* Exercise goal
Write out the listing from the line with "Stone Drink Dispenser: Pink / Stainless" to the line with "Courroie pour électro portatif 273,8x12", both lines included, exactly and nothing beyond. Leave pictures out.

* Exercise inputs
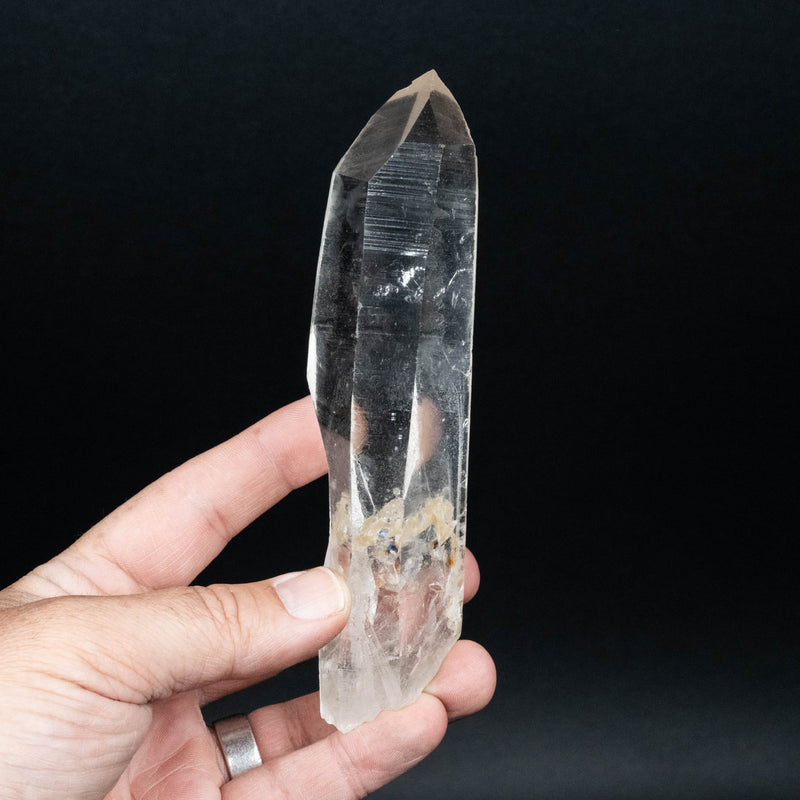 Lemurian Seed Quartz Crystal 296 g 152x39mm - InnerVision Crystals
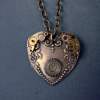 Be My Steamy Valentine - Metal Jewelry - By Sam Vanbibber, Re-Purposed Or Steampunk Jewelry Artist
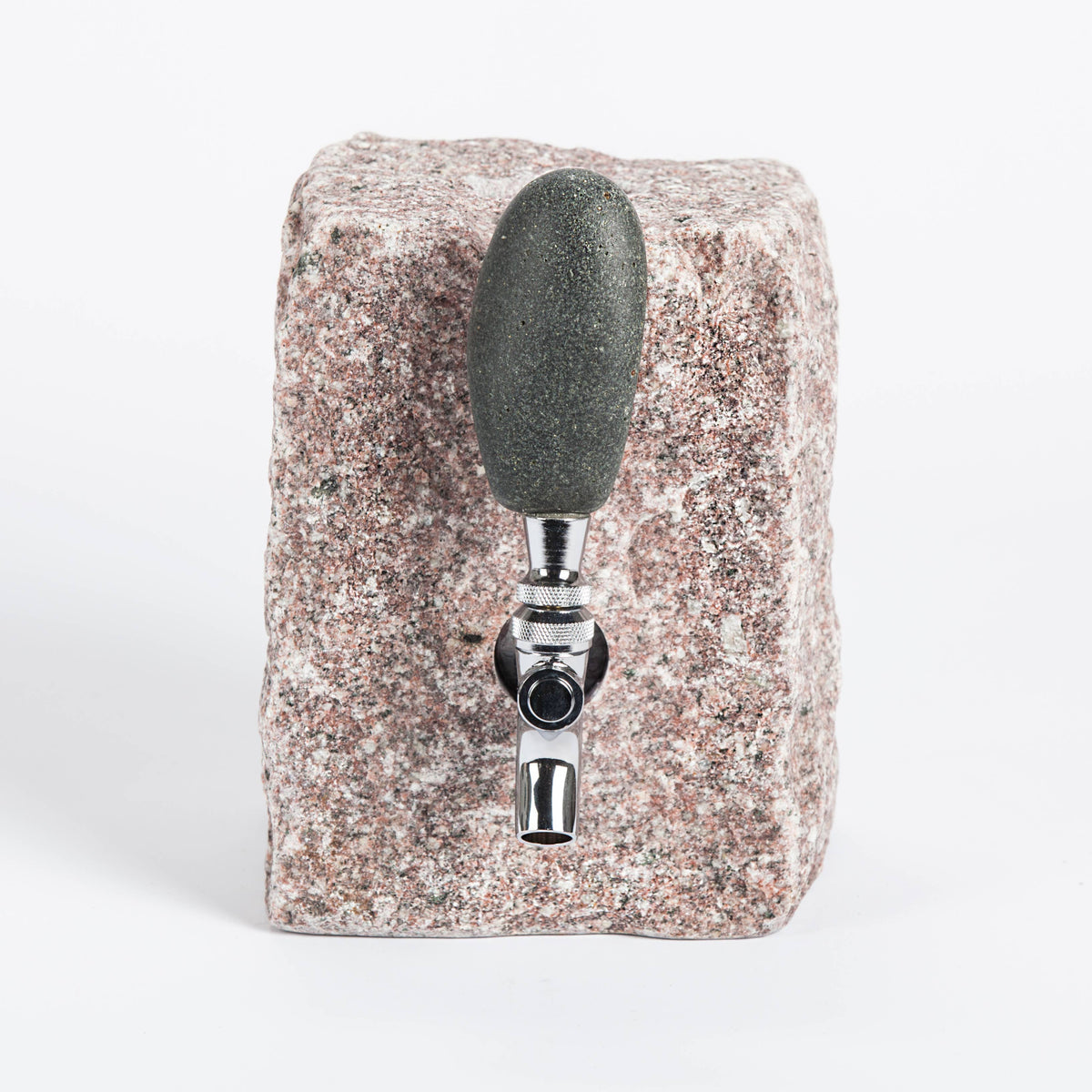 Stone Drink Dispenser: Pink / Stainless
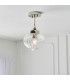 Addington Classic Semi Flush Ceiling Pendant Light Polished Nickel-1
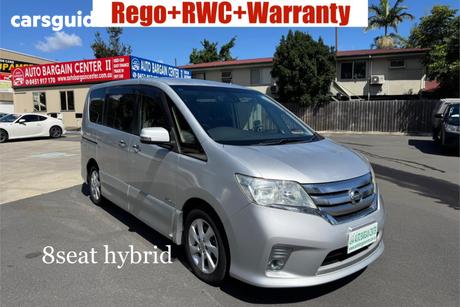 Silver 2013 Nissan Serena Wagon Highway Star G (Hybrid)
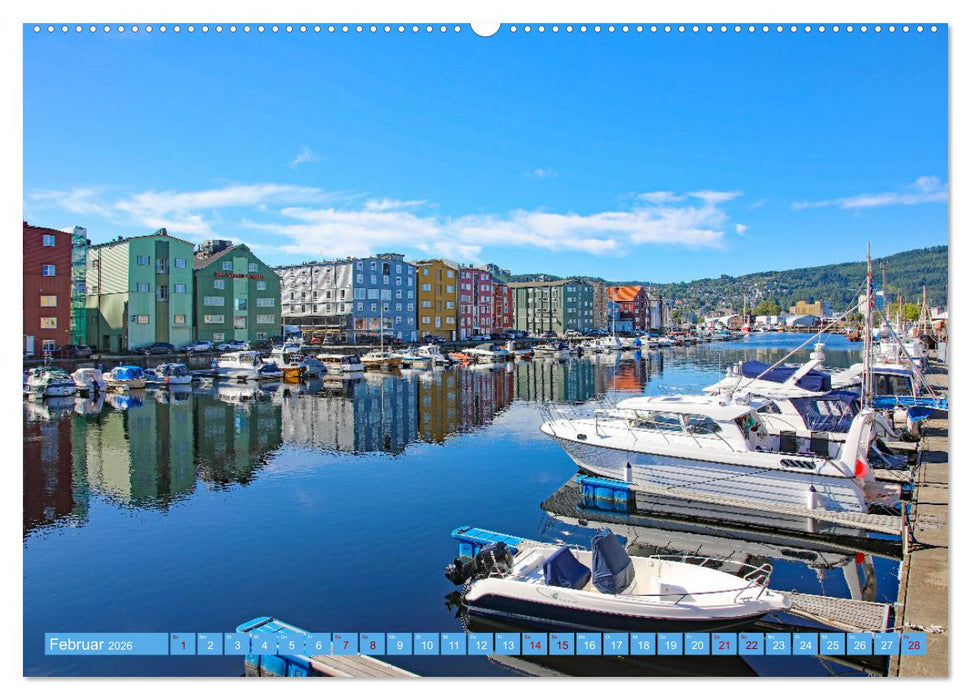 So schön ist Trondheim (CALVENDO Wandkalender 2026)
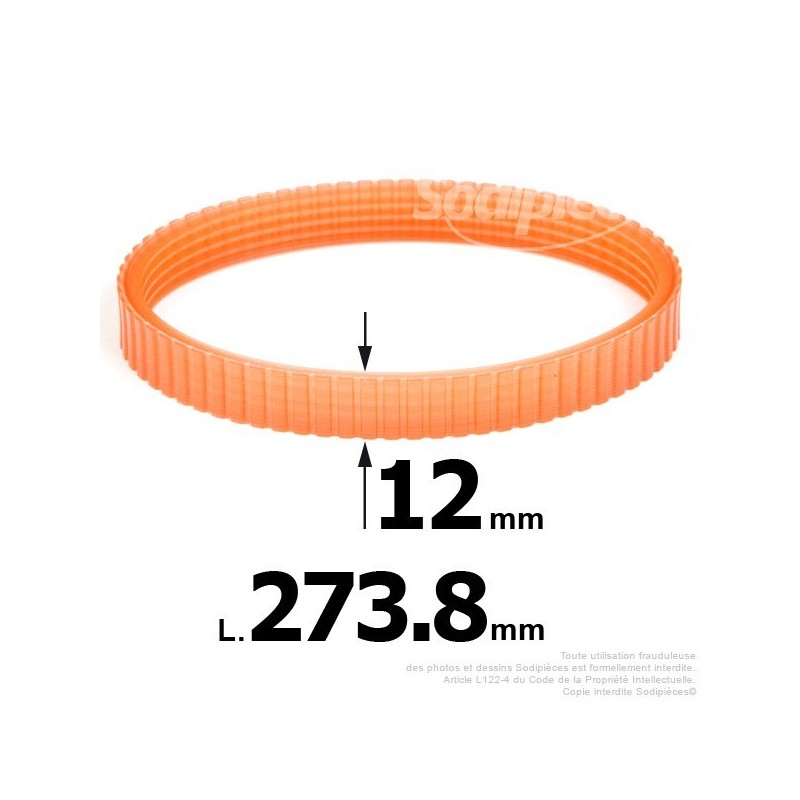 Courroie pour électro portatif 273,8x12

* * *

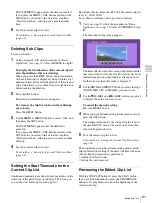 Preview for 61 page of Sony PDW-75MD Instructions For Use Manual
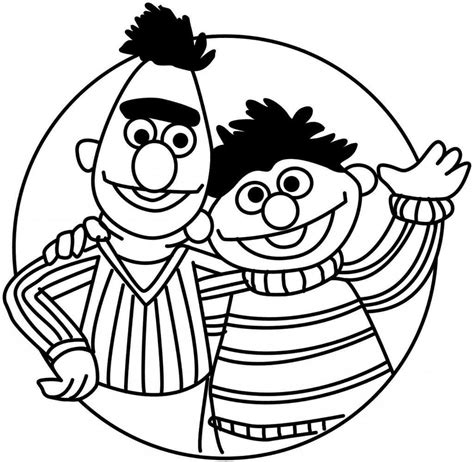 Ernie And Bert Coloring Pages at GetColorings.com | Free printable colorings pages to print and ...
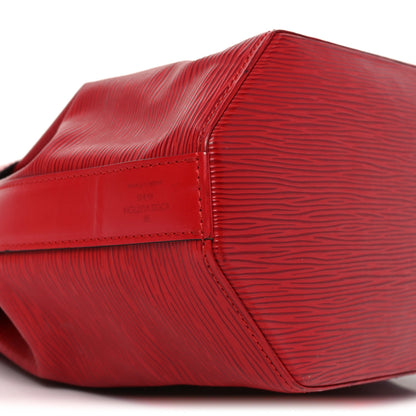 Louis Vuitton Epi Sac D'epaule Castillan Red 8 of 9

* Reply
 Stone Drink Dispenser: Pink / Stainless
 Addington Classic Semi Flush Ceiling Pendant Light Polished Nickel-1
 Silver 2013 Nissan Serena Wagon Highway Star G (Hybrid)
 So schön ist Trondheim (CALVENDO Wandkalender 2026)
 Courroie pour électro portatif 273,8x12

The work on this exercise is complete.